Talented Tasneem Khan is a role model for younger students at her 'failing' school - and the darling of her teachers - after landing a place at Cambridge University.

The 18-year-old achieved top grades in all her A-levels and will swap Carlton Bolling College in Undercliffe for New Hall, Cambridge, to study medicine.

The daughter of a retired bus driver, Tasneem, pictured, is the first in her family to go to university.

School chiefs are delighted and say she is the first Muslim girl from Carlton Bolling to get into Oxbridge.

Deputy head Paul Wright said she was proof real achievement was taking place at the college, despite its 'Special Measures' status. It failed its Ofsted inspection last year.

"The message is that people here can achieve. Tasneem and others have proved it. It's a welcome message at a time the school is in Special Measures," he said.

Tasneem, the eldest of three sisters, said she had been encouraged by her teachers at Carlton Bolling to walk tall and this had helped get her through the tough selection process. There were five applicants chasing each of the ten places to read medicine at New Hall.

"I had a lot of support from teachers at school before my interview," she said. "One said 'Don't think that you need these people. Think that these people need you.

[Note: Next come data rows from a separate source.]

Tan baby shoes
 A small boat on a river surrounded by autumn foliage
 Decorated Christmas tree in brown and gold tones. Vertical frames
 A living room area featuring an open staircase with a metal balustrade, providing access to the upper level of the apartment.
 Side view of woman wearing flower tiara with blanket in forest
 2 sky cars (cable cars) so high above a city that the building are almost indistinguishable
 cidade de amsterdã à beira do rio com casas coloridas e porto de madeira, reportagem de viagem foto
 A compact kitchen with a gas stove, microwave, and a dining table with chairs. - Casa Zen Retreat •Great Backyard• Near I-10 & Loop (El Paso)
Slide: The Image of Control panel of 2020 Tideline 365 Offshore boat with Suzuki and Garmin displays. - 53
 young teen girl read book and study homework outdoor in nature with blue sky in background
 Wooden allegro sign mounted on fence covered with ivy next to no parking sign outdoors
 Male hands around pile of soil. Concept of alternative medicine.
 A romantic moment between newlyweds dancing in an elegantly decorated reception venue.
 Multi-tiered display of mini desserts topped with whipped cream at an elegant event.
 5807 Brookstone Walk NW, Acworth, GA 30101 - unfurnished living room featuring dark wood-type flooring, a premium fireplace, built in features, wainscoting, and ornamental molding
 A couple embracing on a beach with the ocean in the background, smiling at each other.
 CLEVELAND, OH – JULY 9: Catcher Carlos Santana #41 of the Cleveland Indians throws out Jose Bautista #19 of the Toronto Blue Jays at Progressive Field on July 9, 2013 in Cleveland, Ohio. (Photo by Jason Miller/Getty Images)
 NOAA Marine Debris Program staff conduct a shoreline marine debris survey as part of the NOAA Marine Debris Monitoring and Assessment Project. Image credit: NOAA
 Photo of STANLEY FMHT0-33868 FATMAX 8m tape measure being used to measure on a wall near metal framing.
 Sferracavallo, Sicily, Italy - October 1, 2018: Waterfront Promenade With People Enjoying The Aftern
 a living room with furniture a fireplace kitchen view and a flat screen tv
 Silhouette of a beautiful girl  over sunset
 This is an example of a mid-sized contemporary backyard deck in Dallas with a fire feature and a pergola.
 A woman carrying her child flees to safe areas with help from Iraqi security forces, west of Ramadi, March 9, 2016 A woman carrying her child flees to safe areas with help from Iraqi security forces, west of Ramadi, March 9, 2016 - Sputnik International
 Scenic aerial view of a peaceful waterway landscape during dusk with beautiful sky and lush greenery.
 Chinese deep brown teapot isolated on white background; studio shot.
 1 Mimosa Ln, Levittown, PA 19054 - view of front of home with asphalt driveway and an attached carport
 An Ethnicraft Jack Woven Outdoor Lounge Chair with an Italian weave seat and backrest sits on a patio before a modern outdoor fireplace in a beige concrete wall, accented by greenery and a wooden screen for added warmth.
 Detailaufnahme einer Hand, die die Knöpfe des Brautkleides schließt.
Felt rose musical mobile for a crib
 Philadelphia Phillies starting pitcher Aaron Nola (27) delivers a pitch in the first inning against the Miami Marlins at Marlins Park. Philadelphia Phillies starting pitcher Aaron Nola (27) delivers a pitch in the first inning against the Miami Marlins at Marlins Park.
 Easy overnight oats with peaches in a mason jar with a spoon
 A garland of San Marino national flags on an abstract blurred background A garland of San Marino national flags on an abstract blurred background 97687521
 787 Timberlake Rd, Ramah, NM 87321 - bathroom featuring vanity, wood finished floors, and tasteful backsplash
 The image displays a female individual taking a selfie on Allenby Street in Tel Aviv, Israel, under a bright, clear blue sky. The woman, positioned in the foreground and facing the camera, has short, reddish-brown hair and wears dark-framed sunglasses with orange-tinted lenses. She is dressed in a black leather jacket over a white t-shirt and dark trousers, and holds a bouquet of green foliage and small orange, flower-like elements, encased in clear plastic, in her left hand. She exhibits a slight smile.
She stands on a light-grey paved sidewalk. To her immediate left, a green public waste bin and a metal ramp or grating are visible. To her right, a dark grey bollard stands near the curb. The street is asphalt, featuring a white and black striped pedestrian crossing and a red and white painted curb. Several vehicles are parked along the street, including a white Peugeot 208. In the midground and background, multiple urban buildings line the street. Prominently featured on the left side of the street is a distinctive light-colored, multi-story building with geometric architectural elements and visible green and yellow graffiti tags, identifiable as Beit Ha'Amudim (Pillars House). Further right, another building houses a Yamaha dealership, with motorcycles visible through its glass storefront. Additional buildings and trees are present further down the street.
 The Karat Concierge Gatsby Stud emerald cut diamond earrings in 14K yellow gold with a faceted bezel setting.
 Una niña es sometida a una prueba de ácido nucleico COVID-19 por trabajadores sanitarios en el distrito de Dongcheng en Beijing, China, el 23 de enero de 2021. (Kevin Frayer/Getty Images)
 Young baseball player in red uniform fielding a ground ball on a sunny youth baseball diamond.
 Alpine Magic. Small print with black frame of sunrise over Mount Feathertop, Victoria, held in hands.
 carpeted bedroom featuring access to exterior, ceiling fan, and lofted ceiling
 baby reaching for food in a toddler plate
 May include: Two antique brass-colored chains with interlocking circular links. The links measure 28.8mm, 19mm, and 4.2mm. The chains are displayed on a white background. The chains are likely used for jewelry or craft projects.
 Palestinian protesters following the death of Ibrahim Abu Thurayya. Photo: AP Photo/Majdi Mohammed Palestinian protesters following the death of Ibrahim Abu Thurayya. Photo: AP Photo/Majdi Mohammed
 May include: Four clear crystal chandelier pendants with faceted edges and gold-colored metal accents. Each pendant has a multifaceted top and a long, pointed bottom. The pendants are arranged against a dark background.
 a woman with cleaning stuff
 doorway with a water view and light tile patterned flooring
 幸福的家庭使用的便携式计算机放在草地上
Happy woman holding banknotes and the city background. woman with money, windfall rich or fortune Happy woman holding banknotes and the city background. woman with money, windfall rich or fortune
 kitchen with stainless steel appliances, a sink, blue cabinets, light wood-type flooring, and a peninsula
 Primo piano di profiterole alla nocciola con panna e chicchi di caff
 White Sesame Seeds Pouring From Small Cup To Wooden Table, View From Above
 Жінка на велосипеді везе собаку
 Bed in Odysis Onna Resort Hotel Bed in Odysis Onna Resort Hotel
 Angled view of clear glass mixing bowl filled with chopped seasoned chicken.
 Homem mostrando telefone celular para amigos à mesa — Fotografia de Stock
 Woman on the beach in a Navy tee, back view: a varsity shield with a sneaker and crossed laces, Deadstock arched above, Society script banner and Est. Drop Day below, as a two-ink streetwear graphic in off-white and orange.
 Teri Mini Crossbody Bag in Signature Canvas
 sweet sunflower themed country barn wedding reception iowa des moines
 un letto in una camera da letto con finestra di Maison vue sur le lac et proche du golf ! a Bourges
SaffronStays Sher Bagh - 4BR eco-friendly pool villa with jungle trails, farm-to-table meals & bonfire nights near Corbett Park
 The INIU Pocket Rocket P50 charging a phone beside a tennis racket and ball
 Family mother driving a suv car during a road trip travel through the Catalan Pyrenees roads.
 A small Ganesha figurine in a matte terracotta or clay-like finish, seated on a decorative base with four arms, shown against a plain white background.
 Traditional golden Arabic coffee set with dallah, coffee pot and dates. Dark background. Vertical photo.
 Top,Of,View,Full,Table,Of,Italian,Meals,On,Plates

Imagine yourself studying there.' I found I could imagine it and that's why I think my interview was successful.

"It's a beautiful place and walking around the halls and fields, I really felt at home there."

Tutors at New Hall spotted her potential and offered her a place, on condition she achieved A grades in her science subjects.

"It was a lot of hard work and I didn't think I'd make it, especially with the last few exams I did," said a shell-shocked Tasneem, clutching her precious certificate from the AQA exam board.

Neither of her parents, Mohammed Ayub Khan, a retired bus driver with First in Bradford, or mother Maryam, a housewife, have been to university - although younger sisters Henna and Habiba could well follow in her footsteps.

Proud dad Mohammed said: "I'm delighted and very, very proud of her."

The 65-year-old, of Binnie Street, Barkerend, Bradford added: "She tried really hard for these results and my hopes are that she goes on to great things."

Younger students at Carlton Bolling also regard her as an inspiration.

Tasneem said: "I really couldn't have done it without the teachers here and all the help they have given me. I hope I can be a role model to younger students."

President of New Hall, and pro vice chancellor of the university, Anne Lonsdale, was on the interview panel and recalls asking Tasneem about her poetry writing and work for the school newspaper: she made a big impression.

"Very, very few students here come from comprehensives in Special Measures," she said. "I hope this is a real boost to the school, they are obviously doing a good job. We are delighted Tasneem is coming to us. She is a splendid person and is going to go far."